De autoria do senador Alessandro Vieira (Cidadania-SE), o projeto, sob a relatoria de Ângelo Coronel (PSD-BA), além de visar a iluminar a trajetória que notícias percorrem até invadirem computadores, telefones, tablets, o que seja, pretende estabelecer a responsabilização das redes, ou plataformas digitais, que difundem fatos inverídicos e também são usadas para outros delitos.
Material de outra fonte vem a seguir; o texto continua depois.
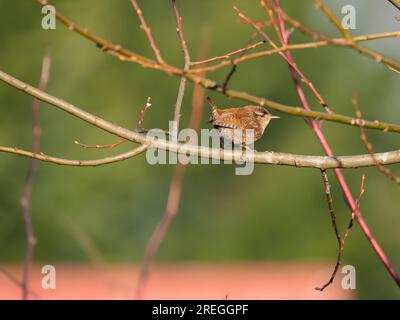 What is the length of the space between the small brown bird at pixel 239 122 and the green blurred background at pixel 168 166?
1285 cm

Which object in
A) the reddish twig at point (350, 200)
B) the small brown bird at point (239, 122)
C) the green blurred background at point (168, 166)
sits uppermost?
the green blurred background at point (168, 166)

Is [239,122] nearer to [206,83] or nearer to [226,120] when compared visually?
[226,120]

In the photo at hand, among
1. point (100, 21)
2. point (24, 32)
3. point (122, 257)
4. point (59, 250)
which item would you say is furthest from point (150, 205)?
point (24, 32)

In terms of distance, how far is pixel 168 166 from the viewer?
2886cm

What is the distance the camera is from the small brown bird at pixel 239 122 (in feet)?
21.8

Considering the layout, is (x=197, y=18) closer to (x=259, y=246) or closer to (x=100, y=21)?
(x=100, y=21)

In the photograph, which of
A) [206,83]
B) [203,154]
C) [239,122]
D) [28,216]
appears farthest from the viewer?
[239,122]

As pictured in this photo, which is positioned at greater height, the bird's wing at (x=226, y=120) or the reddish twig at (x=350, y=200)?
the bird's wing at (x=226, y=120)

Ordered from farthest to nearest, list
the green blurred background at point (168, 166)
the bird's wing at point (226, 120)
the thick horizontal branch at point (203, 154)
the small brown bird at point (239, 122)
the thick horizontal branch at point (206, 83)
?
the green blurred background at point (168, 166), the bird's wing at point (226, 120), the small brown bird at point (239, 122), the thick horizontal branch at point (203, 154), the thick horizontal branch at point (206, 83)

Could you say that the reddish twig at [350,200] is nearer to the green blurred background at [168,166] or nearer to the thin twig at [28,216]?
the thin twig at [28,216]

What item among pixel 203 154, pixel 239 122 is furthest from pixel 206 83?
pixel 239 122

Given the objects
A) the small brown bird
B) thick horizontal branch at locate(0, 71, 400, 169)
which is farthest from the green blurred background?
thick horizontal branch at locate(0, 71, 400, 169)

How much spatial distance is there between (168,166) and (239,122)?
72.2 feet

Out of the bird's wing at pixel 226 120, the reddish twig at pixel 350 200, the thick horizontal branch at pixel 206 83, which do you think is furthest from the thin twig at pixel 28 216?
the bird's wing at pixel 226 120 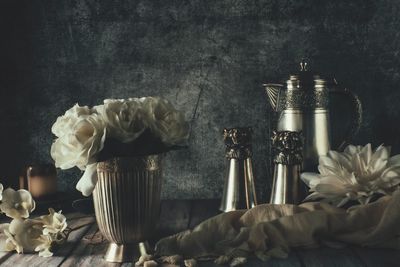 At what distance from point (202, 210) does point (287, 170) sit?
33 cm

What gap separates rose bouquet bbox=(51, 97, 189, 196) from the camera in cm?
100

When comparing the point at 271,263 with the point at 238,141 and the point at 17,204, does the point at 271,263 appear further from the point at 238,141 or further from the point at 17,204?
the point at 17,204

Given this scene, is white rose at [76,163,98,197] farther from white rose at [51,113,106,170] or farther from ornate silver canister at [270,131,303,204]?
ornate silver canister at [270,131,303,204]

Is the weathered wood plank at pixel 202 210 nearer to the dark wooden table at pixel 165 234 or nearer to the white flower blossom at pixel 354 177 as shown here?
the dark wooden table at pixel 165 234

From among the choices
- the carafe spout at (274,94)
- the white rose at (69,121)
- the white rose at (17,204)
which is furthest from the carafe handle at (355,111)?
the white rose at (17,204)

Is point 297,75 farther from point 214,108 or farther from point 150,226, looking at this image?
point 150,226

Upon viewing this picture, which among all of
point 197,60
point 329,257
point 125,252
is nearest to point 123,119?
point 125,252

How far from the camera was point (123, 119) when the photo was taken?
3.37 ft

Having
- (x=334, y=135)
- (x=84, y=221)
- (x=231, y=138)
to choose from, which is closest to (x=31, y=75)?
(x=84, y=221)

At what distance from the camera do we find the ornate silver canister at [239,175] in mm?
1323

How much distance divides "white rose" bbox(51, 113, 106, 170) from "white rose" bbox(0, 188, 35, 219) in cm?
22

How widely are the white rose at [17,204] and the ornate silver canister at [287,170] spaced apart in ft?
1.94

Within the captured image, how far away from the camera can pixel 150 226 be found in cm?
107

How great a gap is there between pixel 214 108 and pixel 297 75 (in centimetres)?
36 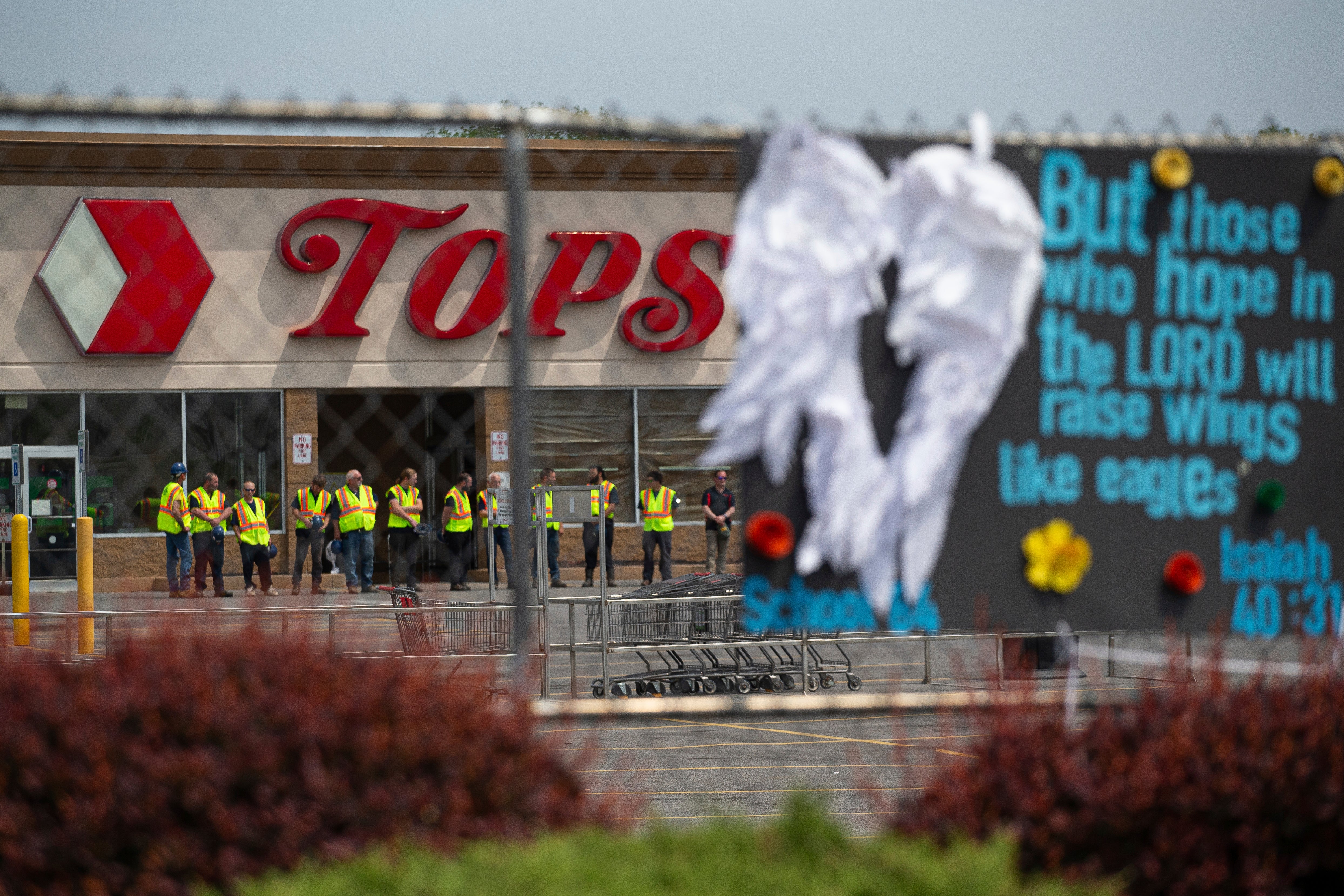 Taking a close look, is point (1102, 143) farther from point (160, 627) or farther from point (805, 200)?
point (160, 627)

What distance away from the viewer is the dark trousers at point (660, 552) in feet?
77.1

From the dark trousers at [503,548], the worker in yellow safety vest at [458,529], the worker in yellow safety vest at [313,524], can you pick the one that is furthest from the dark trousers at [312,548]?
the dark trousers at [503,548]

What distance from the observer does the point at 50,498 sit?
23188mm

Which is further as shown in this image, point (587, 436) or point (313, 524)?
point (587, 436)

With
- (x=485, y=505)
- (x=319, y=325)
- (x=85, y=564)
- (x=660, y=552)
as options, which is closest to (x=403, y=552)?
(x=485, y=505)

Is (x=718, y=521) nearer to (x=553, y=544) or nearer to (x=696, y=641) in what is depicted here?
(x=553, y=544)

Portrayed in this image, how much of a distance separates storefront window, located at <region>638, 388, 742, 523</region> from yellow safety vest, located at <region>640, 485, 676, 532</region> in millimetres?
916

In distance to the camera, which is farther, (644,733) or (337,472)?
(337,472)

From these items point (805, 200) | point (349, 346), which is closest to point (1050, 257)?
point (805, 200)

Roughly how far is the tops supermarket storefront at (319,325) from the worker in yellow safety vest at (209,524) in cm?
119

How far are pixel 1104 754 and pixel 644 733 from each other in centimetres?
802

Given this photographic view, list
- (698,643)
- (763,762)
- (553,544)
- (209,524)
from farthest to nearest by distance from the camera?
1. (553,544)
2. (209,524)
3. (698,643)
4. (763,762)

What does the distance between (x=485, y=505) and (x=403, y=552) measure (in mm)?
1605

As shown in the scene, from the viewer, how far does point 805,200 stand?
13.9ft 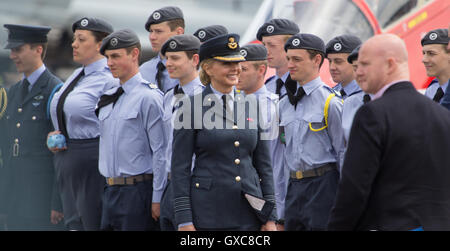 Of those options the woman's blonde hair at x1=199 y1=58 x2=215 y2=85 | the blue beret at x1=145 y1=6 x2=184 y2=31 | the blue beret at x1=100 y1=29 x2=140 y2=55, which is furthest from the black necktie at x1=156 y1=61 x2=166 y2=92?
the woman's blonde hair at x1=199 y1=58 x2=215 y2=85

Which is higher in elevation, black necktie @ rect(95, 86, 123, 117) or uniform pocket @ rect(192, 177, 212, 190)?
black necktie @ rect(95, 86, 123, 117)

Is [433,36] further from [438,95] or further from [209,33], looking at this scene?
[209,33]

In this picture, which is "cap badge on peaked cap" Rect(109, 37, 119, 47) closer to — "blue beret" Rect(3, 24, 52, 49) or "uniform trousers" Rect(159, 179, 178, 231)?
"uniform trousers" Rect(159, 179, 178, 231)

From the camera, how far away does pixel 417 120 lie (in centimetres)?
289

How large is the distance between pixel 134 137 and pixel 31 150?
50.4 inches

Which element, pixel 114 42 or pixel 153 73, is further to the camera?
pixel 153 73

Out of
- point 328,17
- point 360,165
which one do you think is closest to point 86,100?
point 360,165

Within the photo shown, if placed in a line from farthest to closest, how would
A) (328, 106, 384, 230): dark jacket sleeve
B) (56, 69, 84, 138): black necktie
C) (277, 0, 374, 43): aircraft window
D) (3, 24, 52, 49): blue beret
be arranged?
1. (277, 0, 374, 43): aircraft window
2. (3, 24, 52, 49): blue beret
3. (56, 69, 84, 138): black necktie
4. (328, 106, 384, 230): dark jacket sleeve

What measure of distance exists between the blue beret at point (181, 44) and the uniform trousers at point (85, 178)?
2.68 feet

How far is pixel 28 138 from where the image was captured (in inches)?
209

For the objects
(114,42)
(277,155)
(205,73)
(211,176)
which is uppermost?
(114,42)

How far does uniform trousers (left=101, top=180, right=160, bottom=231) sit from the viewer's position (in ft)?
14.2

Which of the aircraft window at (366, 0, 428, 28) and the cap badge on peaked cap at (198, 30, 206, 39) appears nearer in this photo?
the cap badge on peaked cap at (198, 30, 206, 39)

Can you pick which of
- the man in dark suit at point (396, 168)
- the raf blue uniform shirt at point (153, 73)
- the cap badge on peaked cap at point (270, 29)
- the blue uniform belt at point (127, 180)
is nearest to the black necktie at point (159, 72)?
the raf blue uniform shirt at point (153, 73) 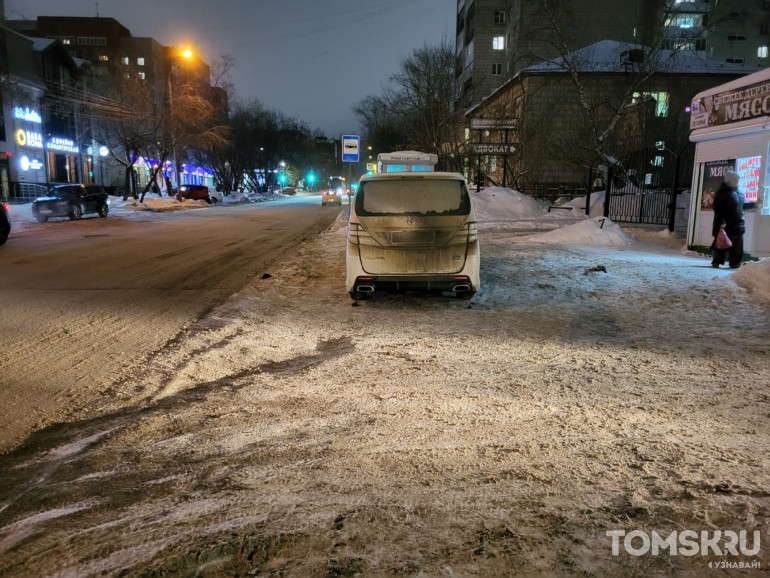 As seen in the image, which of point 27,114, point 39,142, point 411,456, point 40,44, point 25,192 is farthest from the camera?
point 40,44

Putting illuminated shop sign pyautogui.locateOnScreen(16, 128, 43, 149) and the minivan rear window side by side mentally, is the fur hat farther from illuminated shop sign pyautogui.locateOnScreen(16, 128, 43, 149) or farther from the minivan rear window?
illuminated shop sign pyautogui.locateOnScreen(16, 128, 43, 149)

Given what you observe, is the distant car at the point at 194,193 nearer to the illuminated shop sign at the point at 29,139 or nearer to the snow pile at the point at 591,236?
the illuminated shop sign at the point at 29,139

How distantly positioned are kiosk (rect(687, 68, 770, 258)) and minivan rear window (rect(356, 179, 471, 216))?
24.0 feet

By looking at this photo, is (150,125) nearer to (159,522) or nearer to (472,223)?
(472,223)

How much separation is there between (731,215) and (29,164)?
42.8 metres

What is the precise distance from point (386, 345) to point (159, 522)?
344 cm

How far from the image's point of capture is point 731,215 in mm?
10523

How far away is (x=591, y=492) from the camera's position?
310 cm

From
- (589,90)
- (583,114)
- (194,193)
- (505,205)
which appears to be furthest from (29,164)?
(589,90)

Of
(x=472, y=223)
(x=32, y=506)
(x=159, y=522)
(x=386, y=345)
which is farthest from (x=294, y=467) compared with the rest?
(x=472, y=223)

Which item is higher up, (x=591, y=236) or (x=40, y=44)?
(x=40, y=44)

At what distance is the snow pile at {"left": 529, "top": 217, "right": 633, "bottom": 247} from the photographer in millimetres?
15469

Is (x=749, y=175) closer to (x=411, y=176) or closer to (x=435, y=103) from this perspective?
(x=411, y=176)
Este é um terreno movediço, porque tem a ver com a liberdade de expressão, erroneamente interpretada como licença para mentir, caluniar. Um grande equívoco, porque são crimes. Mas, ao se buscarem fórmulas que impeçam e punam a circulação de fake news, não se pode delegar às plataformas digitais o poder de censurar conteúdos que trafegam em suas redes. Porém, essas empresas precisam ser contidas dentro dos limites usuais da liberdade de circulação de notícias e análises, que são o veto ao triunvirato da injúria, calúnia e difamação, com suas inúmeras correlações.

O projeto dá oportunidade ao legislador brasileiro de avançar no campo cada vez mais amplo da comunicação digital em que robôs se fazem passar por internautas, contas de fantasmas ajudam a multiplicar o número de “seguidores” de quem puder pagar e também servem para engrossar qualquer tipo de campanha contra pessoas e instituições. É por investigar uma conspiração digital dessas que um inquérito conduzido no Supremo pelo ministro Alexandre de Moraes tanto preocupa a família Bolsonaro.

O Brasil já tem a experiência do Marco Civil da Internet, um avanço na defesa dos direitos autorais, mas considerado muito condescendente com as empresas que controlam este mundo (Google, Facebook etc.) Um ponto-chave no enfrentamento das fake news é a notificação à rede de que ela faz circular uma inverdade. Pelo Marco Civil, ela só será punida se receber determinação judicial e não cumprir. Se e quando isso ocorrer, reputações já terão sido destruídas.

A melhor alternativa é a intermediária, usada em muitos países, pela qual a empresa é notificada e, depois, se a Justiça confirmar a reclamação, ela será declarada corresponsável pelo crime desde o momento em que recebeu a reclamação. É o que se chama de “notice and take down”.